De um lado temos um aeroporto muito charmoso, com a cara do Rio, construído heroicamente em 1936 ao lado no coração do Centro da capital federal em um tempo em que isto fazia sentido. Do outro, temos uma das melhores infraestruturas aeroportuárias da América Latina, confortável, ampliável, já tendo sido considerado “a principal porta de entrada do Brasil”. Sabemos que nem tudo são qualidades. Ambos possuem fatores negativos como a limitação da capacidade das aeronaves (SDU) e a insegura acessibilidade ao Galeão.
O ponto de inflexão. Olharemos
para o futuro ou nos manteremos apegados ao passado? Inegável que o SDU ganhou
uma sobrevida recente devido ao inchaço artificial do número de voos, realizado
nitidamente com o objetivo de aumentar seu valor em licitações futuras. Mas a
que custo? Quem utiliza o SDU, percebe uma movimentação digna de rodoviária em
véspera de feriado, o impacto no trânsito do entorno já é notório, sem falar
nos aspectos ambientais. A INFRAERO afirma que em 2022, 10 milhões de usuários
utilizaram o SDU e que este possui capacidade operacional para 16 milhões.
Dentre as perguntas a serem feitas destaco: a cidade suporta este aumento?
As opiniões são as mais
diversas. Alguns defendem que o SDU é perto da casa/trabalho. A resposta é,
positiva para quem reside/trabalha na zona sul, Centro e algumas áreas da zona
norte. Porém, para quem mora em Santa Cruz, Campo Grande e adjacências (45% da
população)? Este argumento faz algum sentido? Certamente que não.
A concentração de voos no SDU
se torna predatória quando prejudica a possibilidade de o Galeão retomar sua
posição como um HUB (concentrador) de voos domésticos e internacionais. Neste
momento, estamos alimentando os HUBS (via SDU) de outros estados (notavelmente
Minas Gerais e São Paulo). Em bom português: estamos colocando a azeitona na
empada dos outros. As perdas são imensas: 4,5 bilhões/ano pela ociosidade do
GIG (FIRJAN), empregos diretos (22 mil no passado contra 7 mil hoje) e
indiretos (160 mil, sendo 113 mil apenas para o setor turístico).
As soluções imediatas
apresentadas – como a limitação de voos do SDU e a transferência de uma parcela
para o GIG, por sua vez, também possui um caráter artificial, portanto,
temporal e paliativa. A solução definitiva não se dará apenas na base da
canetada, pois não se sustentará sobre o tempo. Comparando a relação PIB x
número de aeroportos com outras metrópoles importantes, verificamos que a
economia do Rio não comporta, nem nas previsões otimistas, a necessidade de
manter ambos os equipamentos funcionais. Desta forma, retornamos ao impasse:
Rio do Futuro ou Rio do Passado?
Concluímos que dentre os
maiores obstáculos para a recuperação do Galeão, destaca-se sua acessibilidade/mobilidade
urbana. Portanto, o primeiro passo é conectá-lo a um transporte de massa
confiável e rápido. Leia-se: Metrô (podendo contar com trechos em superfície).
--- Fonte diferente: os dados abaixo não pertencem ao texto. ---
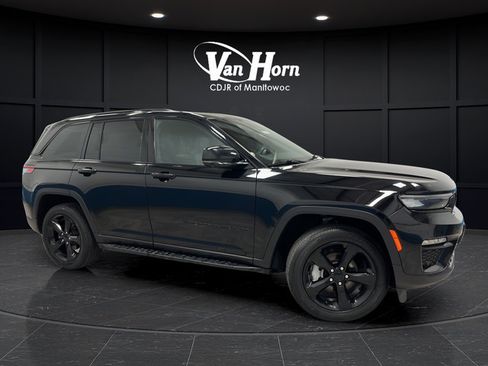 Used 2024 Jeep Grand Cherokee Limited w/ Luxury Tech Group II AWD/4WD image 1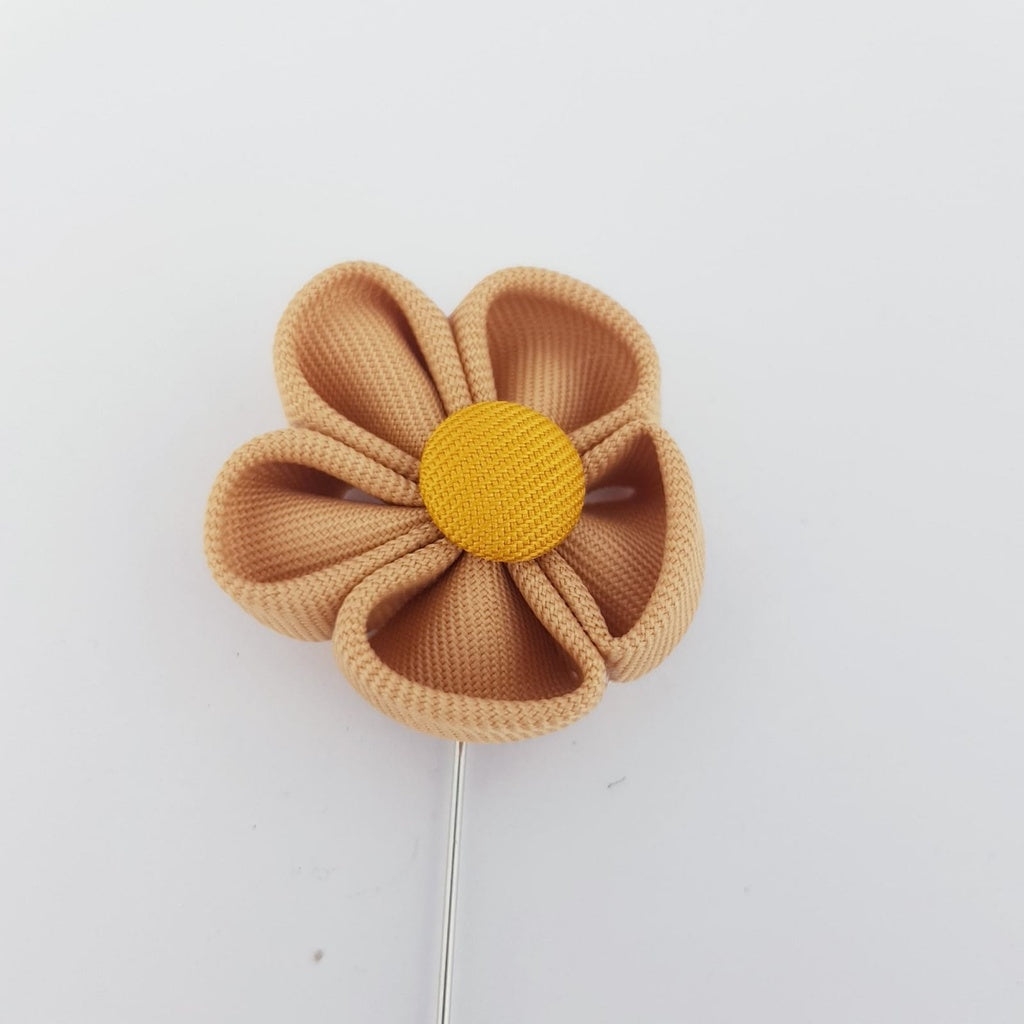 DAINTY BOUTONNIERE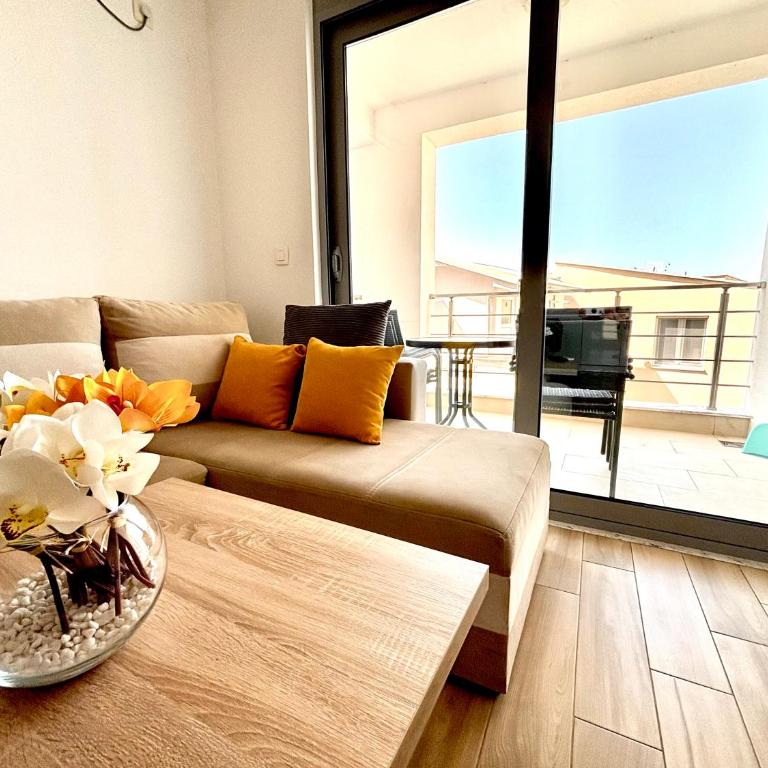 Hana Apartments - Two-Bedroom Apartment with Balcony and Terrace - 1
No mesmo pacote, estender a linha à Ilha do Governador, dentre as inúmeras
possibilidades.
É hora de trocarmos nossas
lentes. Ao invés da vantagem em curto prazo, devemos possuir uma perspectiva de
longa duração com a certeza de que, coletivamente, será muito mais vantajoso no
longo prazo. Neste caso, abraço efusivamente a causa do Rio do Futuro e coloco
todas as fichas no Galeão. Precisamos mirar alto, com grandes metas de
prosperidade e oportunidades para todos através da consolidação de nossas
vocações – tecnologia, inovação, criatividade, negócios, cultura, turismo, sem
esquecer de altas doses da simpatia carioca. Para tal, precisamos de um acordo
político estrutural para o Rio em todas as instâncias: municipal, estadual e
federal em um nível suprapartidário. O futuro do Rio há de ser radiante
tornando-se uma região global no século XXI. O futuro começa agora.